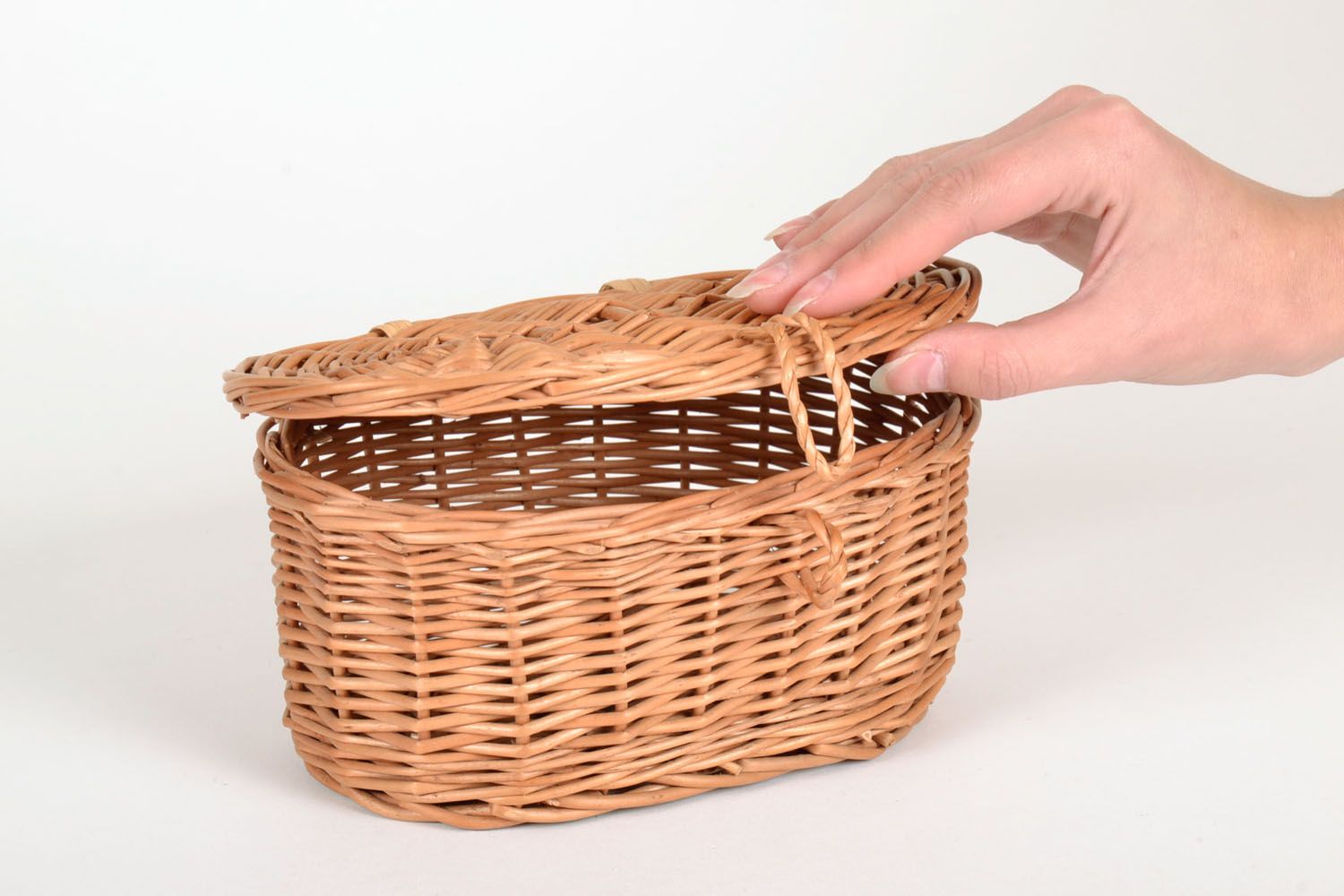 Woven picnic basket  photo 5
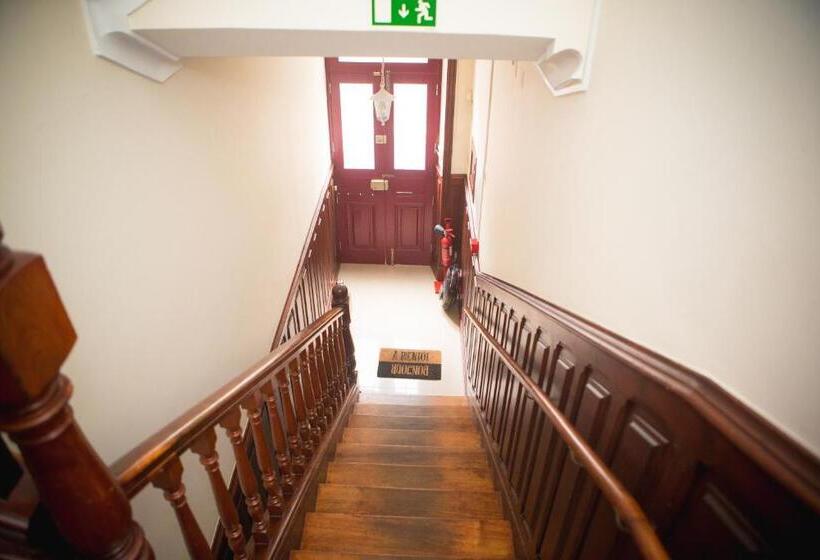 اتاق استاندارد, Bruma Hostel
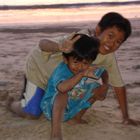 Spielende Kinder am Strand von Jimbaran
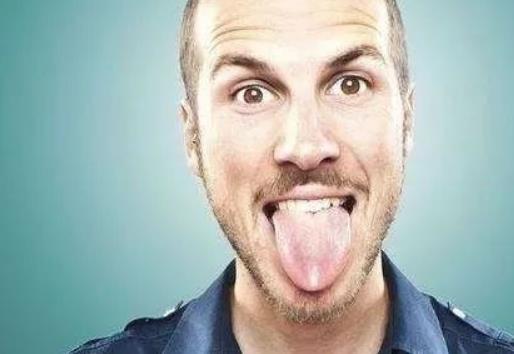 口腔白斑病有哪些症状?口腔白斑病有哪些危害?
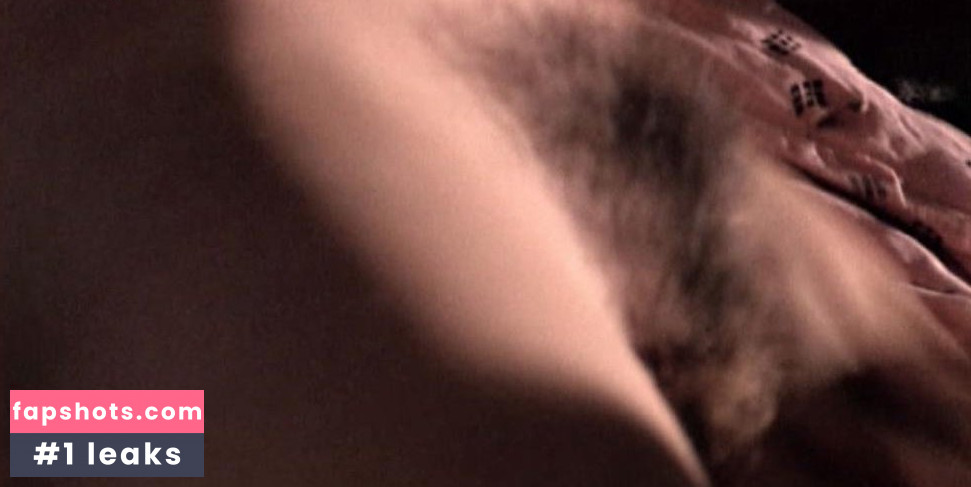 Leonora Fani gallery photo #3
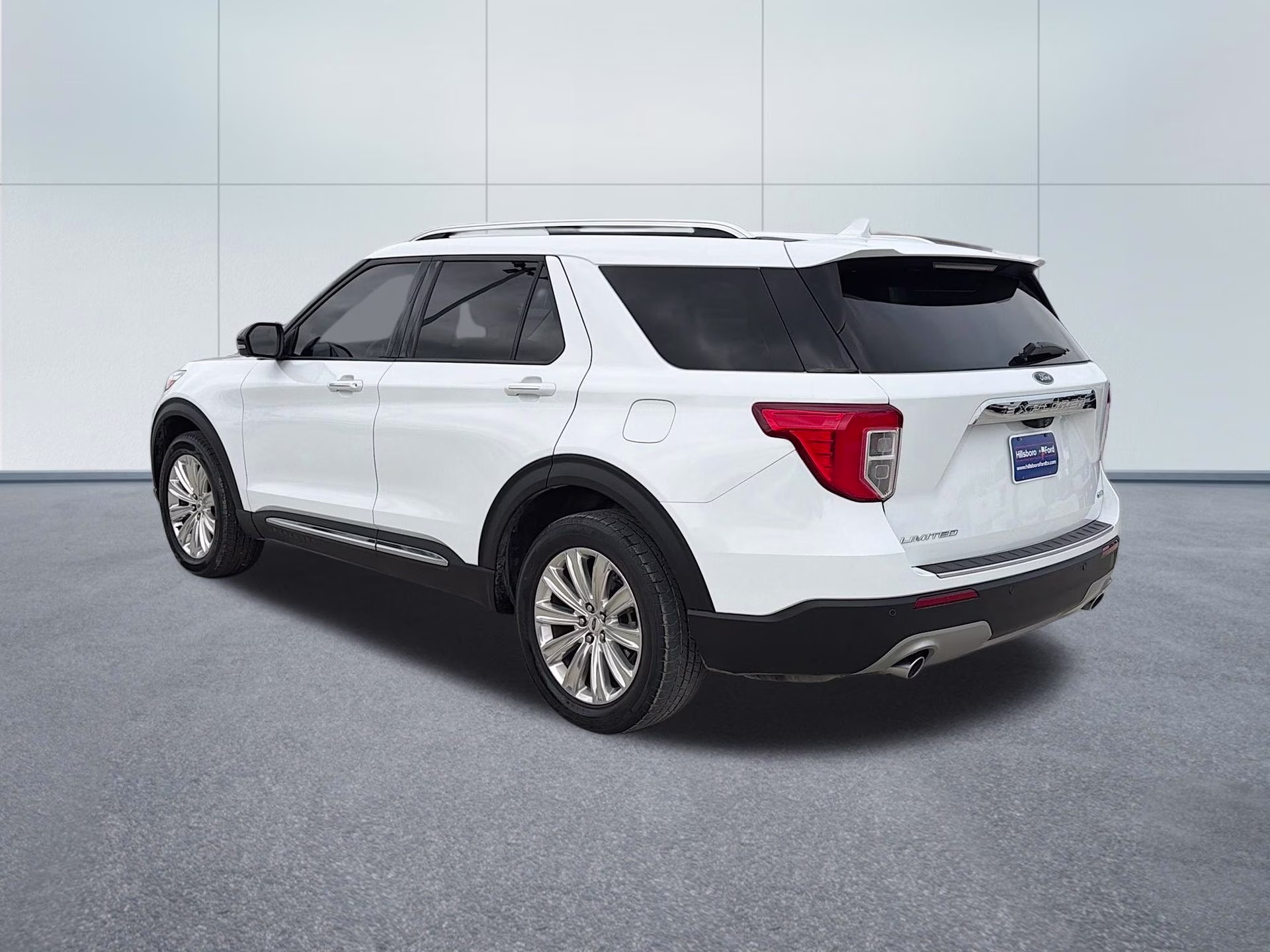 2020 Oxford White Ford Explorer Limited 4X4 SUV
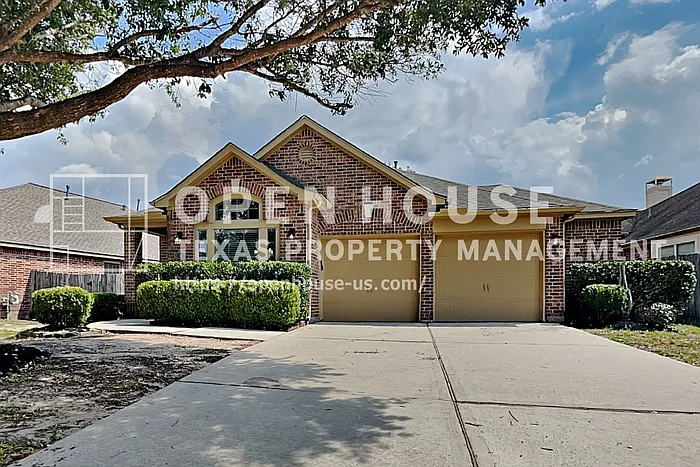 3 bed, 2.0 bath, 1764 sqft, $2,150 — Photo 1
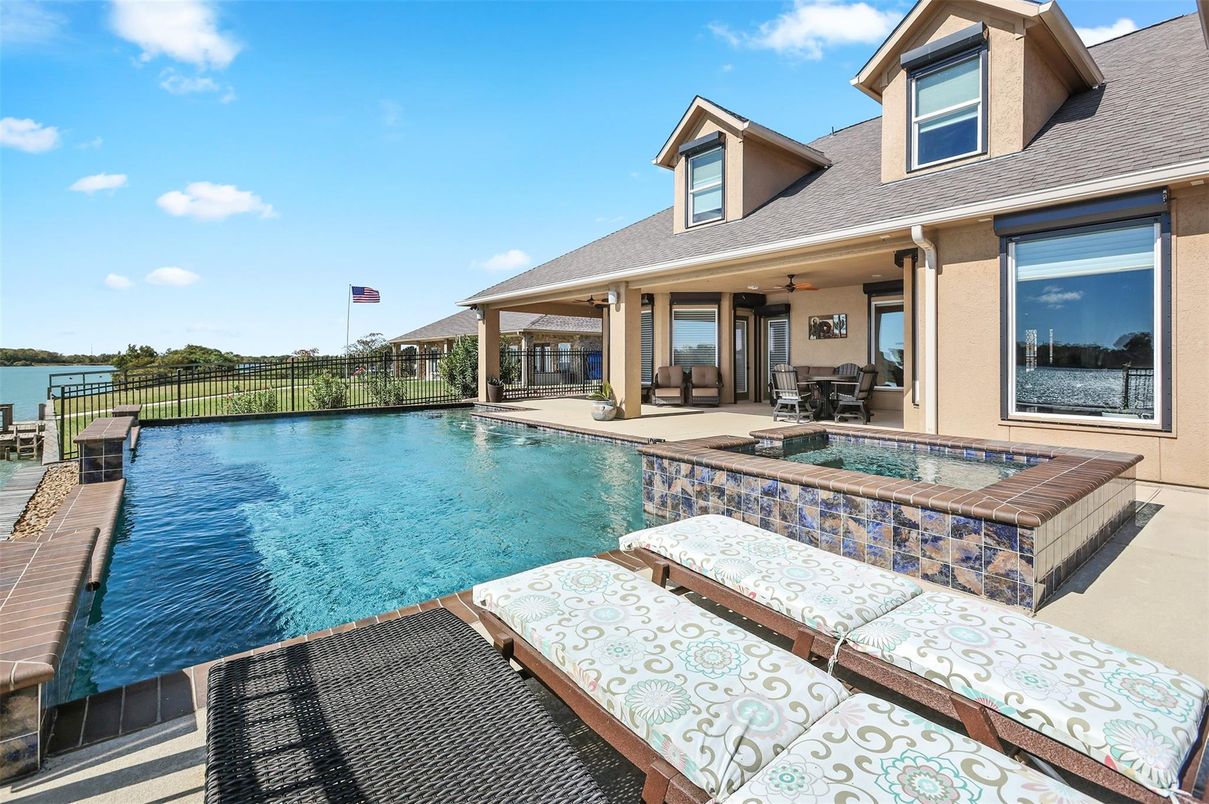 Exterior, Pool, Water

#### What this task involves:
Could you print all of the entries above exactly as written, minus the pictures?

#### Solution to the problem:
 Woven picnic basket  photo 5
 اتاق استاندارد, Bruma Hostel
 Spielende Kinder am Strand von Jimbaran
 口腔白斑病有哪些症状?口腔白斑病有哪些危害?
 Leonora Fani gallery photo #3
 2020 Oxford White Ford Explorer Limited 4X4 SUV
 3 bed, 2.0 bath, 1764 sqft, $2,150 — Photo 1
 Exterior, Pool, Water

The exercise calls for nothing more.